## Problem statement
Would you return exactly the lines below from the line with "Sun Sky Image Cloud Cartoon Download PNG" through the line with "St. James City", both included, and nothing else, leaving out the pictures?

Start of Input data

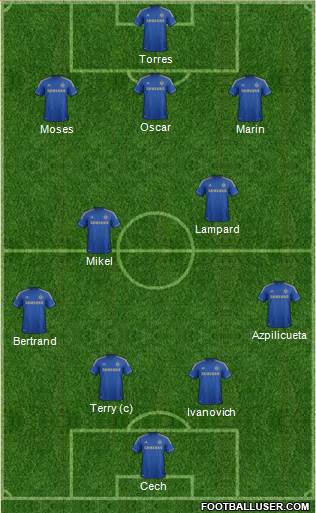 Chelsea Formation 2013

End of Input data
Start of Input data

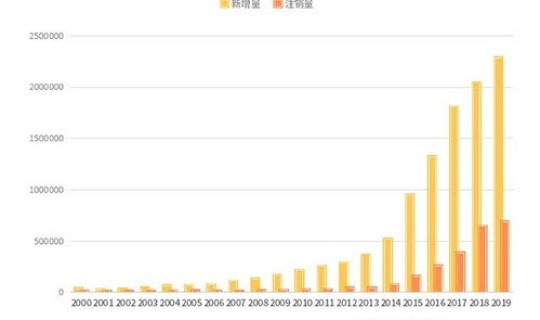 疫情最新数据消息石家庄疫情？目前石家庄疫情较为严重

End of Input data
Start of Input data

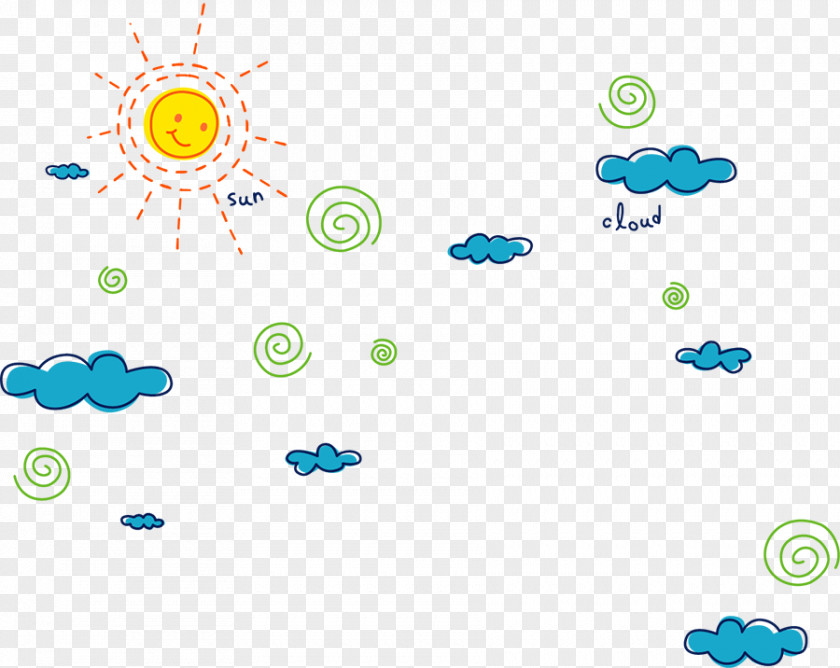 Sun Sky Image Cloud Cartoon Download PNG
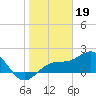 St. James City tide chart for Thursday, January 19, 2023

End of Input data

## Result for this task
 Sun Sky Image Cloud Cartoon Download PNG
 St. James City tide chart for Thursday, January 19, 2023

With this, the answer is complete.